Film Review: 1% (2017)

In his debut feature, Australian director Stephen McCallum has explored the violent frontiers of the wild west, but not in the usual sense. 1%, set in the out suburbs of Perth, follows a power struggle breaking out in an outlaw bikie gang. This intriguing and intricate tale flows like a really messed up version of Shakespeare, as murder, betrayal and shifting power dynamics combine in the melting pot of the Western Australian heat. Think of the Bard but with leather jackets and the word ‘cunt’ thrown around with reckless abandon.

While their formidable leader Knuck (Matt Nable) is in the slammer, his apprentice Paddo (Ryan Corr) has become president of the Copperheads, one of the 1% clubs in the bikie underworld. The 1% references the American Motorcycle Association’s claim that 99% of motorbike riders are law abiding citizens. It does not mean that this motley crew got lucky in Wall St trading and have Marxists yelling at them the rest of the film – amazing as that would have been. Things are getting complicated; deals with a rival club are being brokered and trouble constantly surrounds Paddo’s younger brother (Josh McConville) who seems to have a serious learning disability. As Knuck gets out of prison Paddo and his girlfriend Katrina (Abbey Lee) have a decision to make. Do they fall back under Knuck’s brutal presidency or usurp the club and lead it to new heights?1% poster

Former rugby league player Matt Nable, who put on almost fourteen kilos of muscle for the role, stars in and wrote this brutal tale. The plot is dense, sometimes to the point of confusion, but credit to Nable and McCallum for trying to accomplish something more than the usual crime thriller. There’s a rawness to this story that lingers; it quite literally pulls no punches and in a story that contains shootings, gang violence and two brutal rape scenes it’s a journey not for the faint of heart.

Ryan Corr’s career continues to new heights. He’s proven many times that he makes for a good leading man and having bulked up and grow a very respectable beard Paddo is unlike anything he’s played before. With a cigarette constantly in his mouth and Russian mafia tattoos on each shoulder, his time as Timothy Conigrave in Holding the Man seems like a distant memory. The hidden star is Abbey Lee who spends her time pulling strings from the sidelines like a bogan version of Lady Macbeth.

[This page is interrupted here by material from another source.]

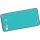 Samsung Galaxy A56 5G – LCD-Display Klebefolie – Original Ersatzteil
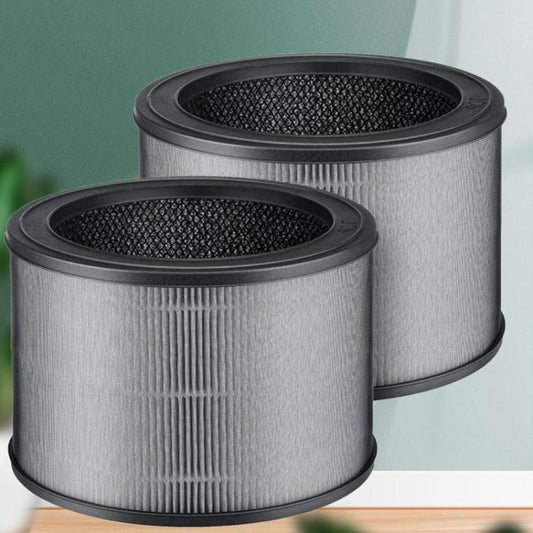 TBD06063846_1.jpg@2c5761ae869c3188177f25b4a8161e33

McCallum’s depiction of bikie gangs certainly doesn’t glorify. As intriguing as this tale is these people are constantly scraping the lower dregs in the barrel of society. It would be difficult to imagine a more repellent underworld as this. This is a closed society, it uses the old cinematic short-hand to depict how insular this community is. Just like in The Godfather how the only characters are members of the family and those close to them, the only company to find in 1% are crew members and rival gangs. It’s not a nice view of the world, but it’s one that McCallum has brought to the screen with a deft eye.

Australian filmmaking has a talent for making hard-hitting, gritty crime thrillers. 1% slots in nicely alongside Romper Stomper, Chopper, Animal Kingdom and Snowtown. It’s brutal, repellent and a no-holds-barred depiction of one of the most revolting collections of people imaginable. If that’s your jam then this will satisfy, as it ticks all the depraved boxes that a decent crime thriller should.

1% is in cinemas from 18th October through Icon Film Distribution.